Exercise details
Repeat all of the data precisely.

Provided records

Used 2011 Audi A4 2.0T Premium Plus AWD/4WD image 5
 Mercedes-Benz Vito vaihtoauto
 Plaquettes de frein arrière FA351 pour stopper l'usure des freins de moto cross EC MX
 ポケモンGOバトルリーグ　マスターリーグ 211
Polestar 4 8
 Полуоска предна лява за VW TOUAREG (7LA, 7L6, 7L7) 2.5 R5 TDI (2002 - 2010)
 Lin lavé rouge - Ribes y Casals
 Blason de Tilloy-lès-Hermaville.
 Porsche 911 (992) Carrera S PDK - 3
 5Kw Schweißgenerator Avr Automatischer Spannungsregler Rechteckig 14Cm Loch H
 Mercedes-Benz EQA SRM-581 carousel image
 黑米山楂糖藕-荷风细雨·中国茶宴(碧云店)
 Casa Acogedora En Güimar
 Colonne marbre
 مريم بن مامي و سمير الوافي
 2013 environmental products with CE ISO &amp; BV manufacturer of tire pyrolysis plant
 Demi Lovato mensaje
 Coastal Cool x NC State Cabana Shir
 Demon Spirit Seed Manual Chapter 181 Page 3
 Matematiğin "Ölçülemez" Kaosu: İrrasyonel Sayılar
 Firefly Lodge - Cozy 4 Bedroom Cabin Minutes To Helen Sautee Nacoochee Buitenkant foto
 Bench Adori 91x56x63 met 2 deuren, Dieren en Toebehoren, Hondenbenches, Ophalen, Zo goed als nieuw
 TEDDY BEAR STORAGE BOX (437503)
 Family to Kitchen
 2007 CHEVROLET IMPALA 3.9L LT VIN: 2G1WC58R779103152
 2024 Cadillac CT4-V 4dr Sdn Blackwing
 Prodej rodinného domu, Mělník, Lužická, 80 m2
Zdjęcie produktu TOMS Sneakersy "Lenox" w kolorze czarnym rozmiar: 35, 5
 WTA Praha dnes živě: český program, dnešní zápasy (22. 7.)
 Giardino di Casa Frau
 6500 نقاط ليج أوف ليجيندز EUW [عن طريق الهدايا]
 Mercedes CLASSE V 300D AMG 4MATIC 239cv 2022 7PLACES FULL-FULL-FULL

Exercise result
Used 2011 Audi A4 2.0T Premium Plus AWD/4WD image 5
 Mercedes-Benz Vito vaihtoauto
 Plaquettes de frein arrière FA351 pour stopper l'usure des freins de moto cross EC MX
 ポケモンGOバトルリーグ　マスターリーグ 211
Polestar 4 8
 Полуоска предна лява за VW TOUAREG (7LA, 7L6, 7L7) 2.5 R5 TDI (2002 - 2010)
 Lin lavé rouge - Ribes y Casals
 Blason de Tilloy-lès-Hermaville.
 Porsche 911 (992) Carrera S PDK - 3
 5Kw Schweißgenerator Avr Automatischer Spannungsregler Rechteckig 14Cm Loch H
 Mercedes-Benz EQA SRM-581 carousel image
 黑米山楂糖藕-荷风细雨·中国茶宴(碧云店)
 Casa Acogedora En Güimar
 Colonne marbre
 مريم بن مامي و سمير الوافي
 2013 environmental products with CE ISO &amp; BV manufacturer of tire pyrolysis plant
 Demi Lovato mensaje
 Coastal Cool x NC State Cabana Shir
 Demon Spirit Seed Manual Chapter 181 Page 3
 Matematiğin "Ölçülemez" Kaosu: İrrasyonel Sayılar
 Firefly Lodge - Cozy 4 Bedroom Cabin Minutes To Helen Sautee Nacoochee Buitenkant foto
 Bench Adori 91x56x63 met 2 deuren, Dieren en Toebehoren, Hondenbenches, Ophalen, Zo goed als nieuw
 TEDDY BEAR STORAGE BOX (437503)
 Family to Kitchen
 2007 CHEVROLET IMPALA 3.9L LT VIN: 2G1WC58R779103152
 2024 Cadillac CT4-V 4dr Sdn Blackwing
 Prodej rodinného domu, Mělník, Lužická, 80 m2
Zdjęcie produktu TOMS Sneakersy "Lenox" w kolorze czarnym rozmiar: 35, 5
 WTA Praha dnes živě: český program, dnešní zápasy (22. 7.)
 Giardino di Casa Frau
 6500 نقاط ليج أوف ليجيندز EUW [عن طريق الهدايا]
 Mercedes CLASSE V 300D AMG 4MATIC 239cv 2022 7PLACES FULL-FULL-FULL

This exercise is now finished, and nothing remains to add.